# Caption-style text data
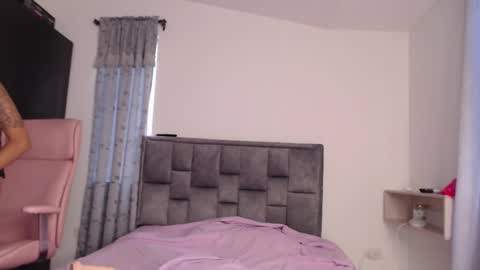 Snapshot of sofierosse_ chatting on February 24, 3:20 pm Sofie Rosee online show from February 24, 3:20 pm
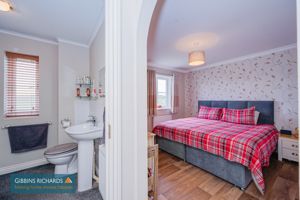 Bedroom- click for photo gallery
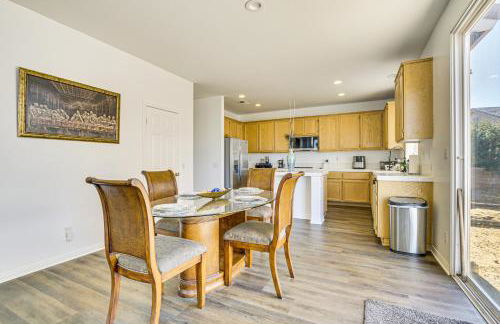 Pool Table and Charcoal Grill Home in Victorville! - Foto 3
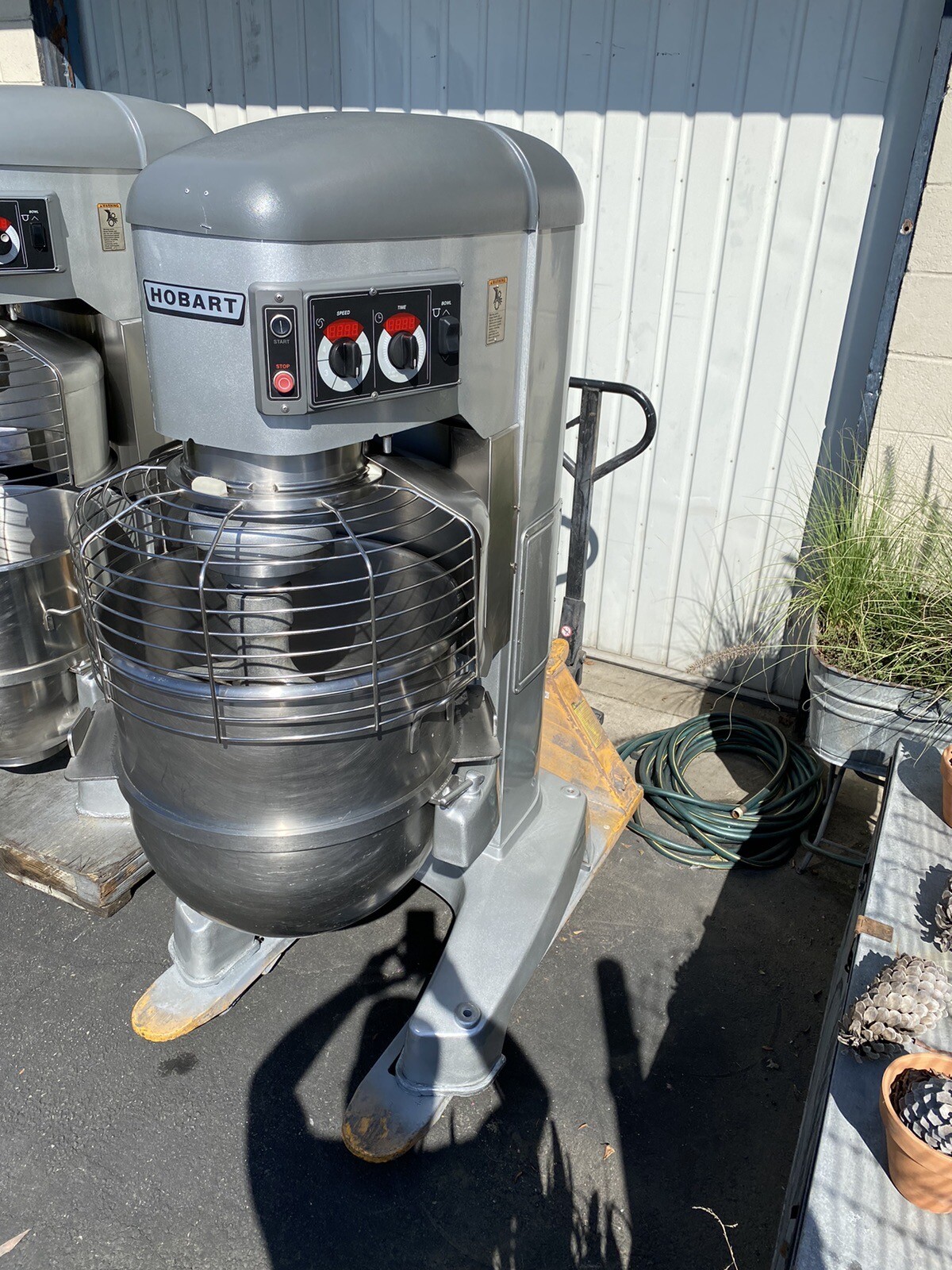 Hobart Legacy 140qt Mixer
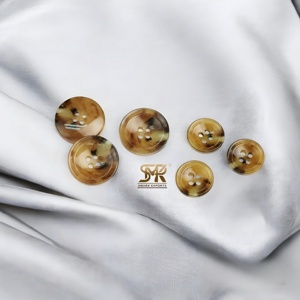 Boutons en corne de buffle sélectionnés par des tailleurs, 4 trous, ronds, polis, pour chemises, manteaux, vêtements, couture et artisanat de mode - Product Image 1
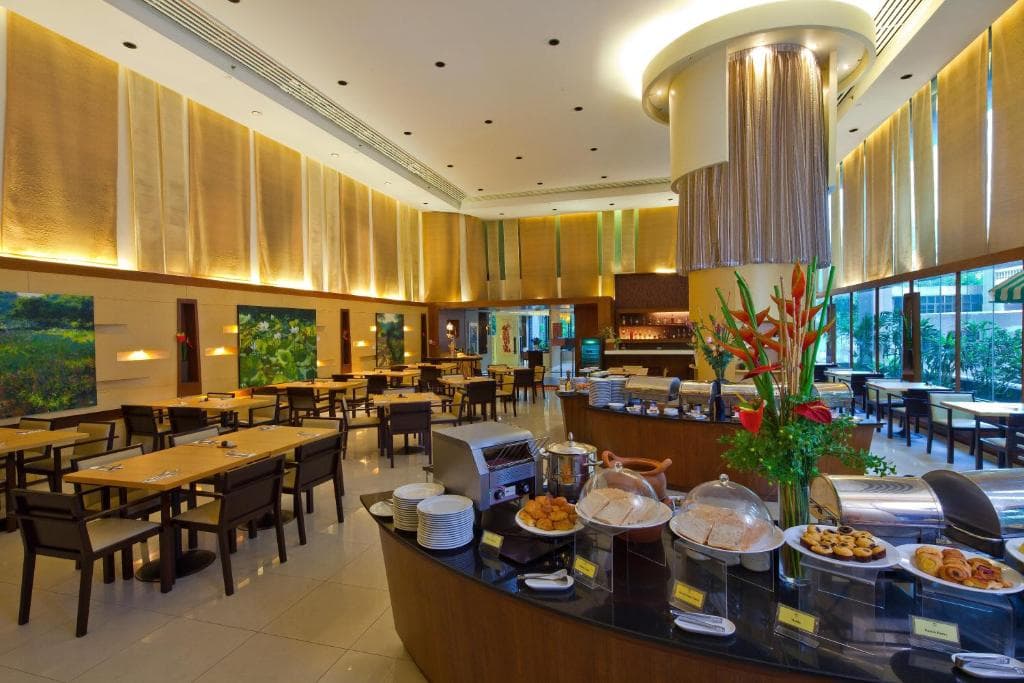 Somerset Park Suanplu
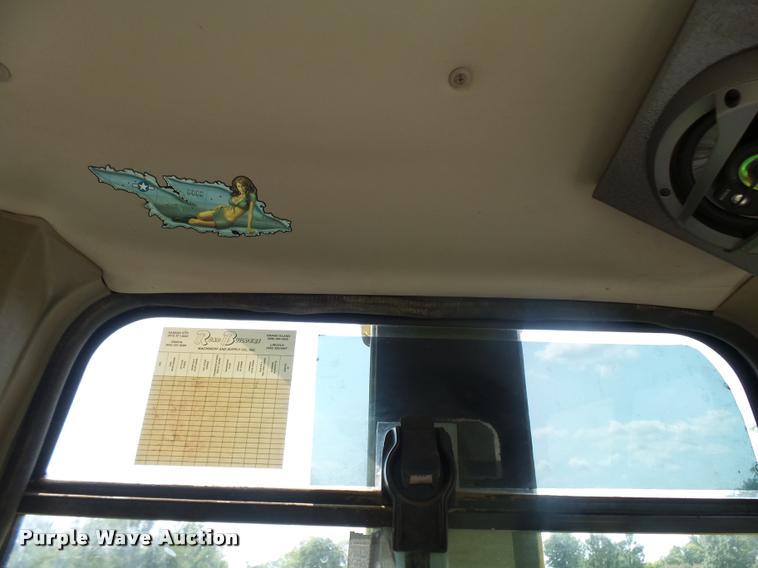 image for item DD1749 1999 Komatsu D65PX-12 LGP dozer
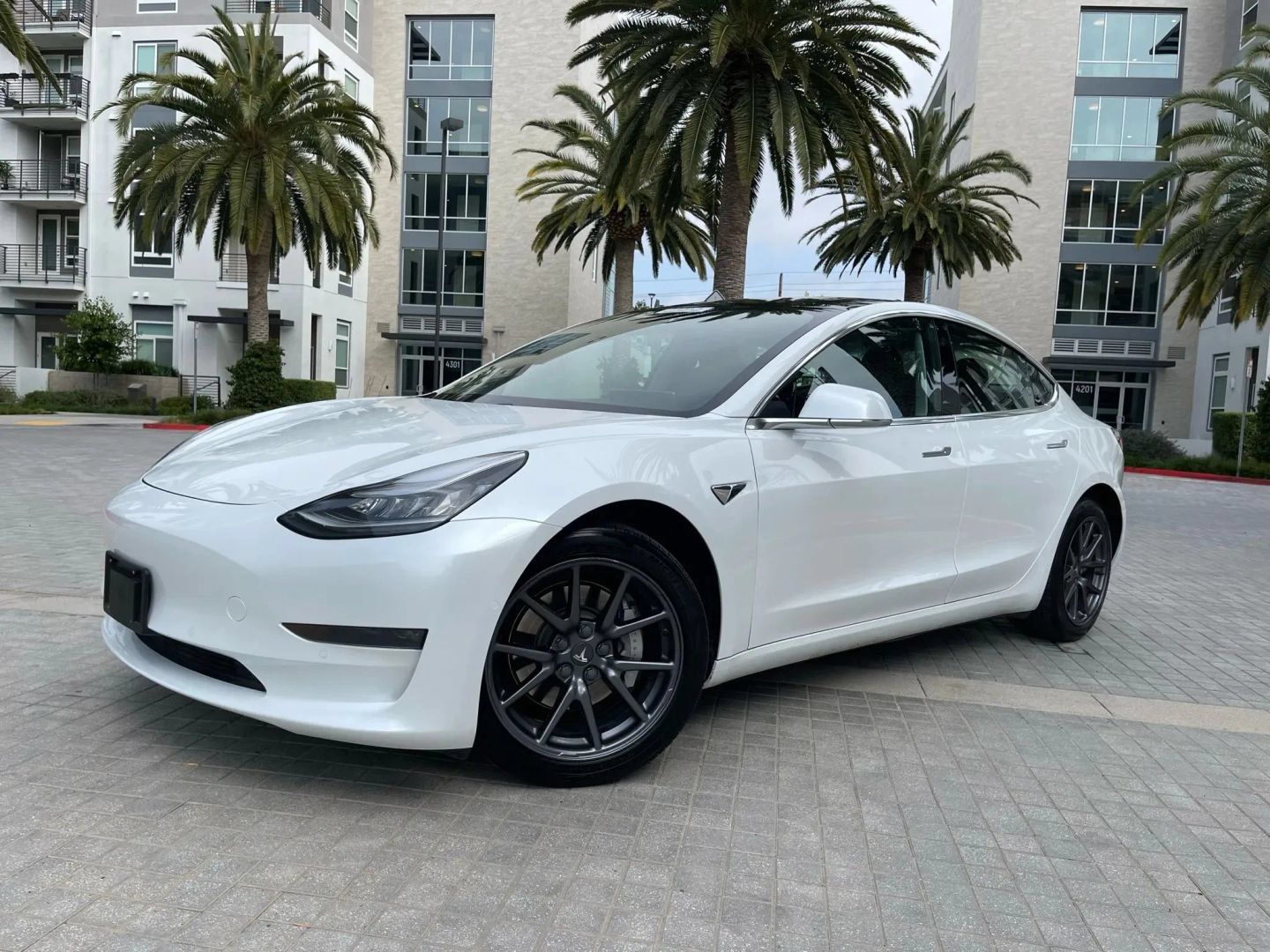 Used 2019 Tesla Model 3 Long Range AWD/4WD image 4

# Task to carry out
Set down only the lines from the one with "Bedroom- click for photo gallery" through the end of the entries, exactly as they appear, leaving out each picture.

# Exercise solution
 Bedroom- click for photo gallery
 Pool Table and Charcoal Grill Home in Victorville! - Foto 3
 Hobart Legacy 140qt Mixer
 Boutons en corne de buffle sélectionnés par des tailleurs, 4 trous, ronds, polis, pour chemises, manteaux, vêtements, couture et artisanat de mode - Product Image 1
 Somerset Park Suanplu
 image for item DD1749 1999 Komatsu D65PX-12 LGP dozer
 Used 2019 Tesla Model 3 Long Range AWD/4WD image 4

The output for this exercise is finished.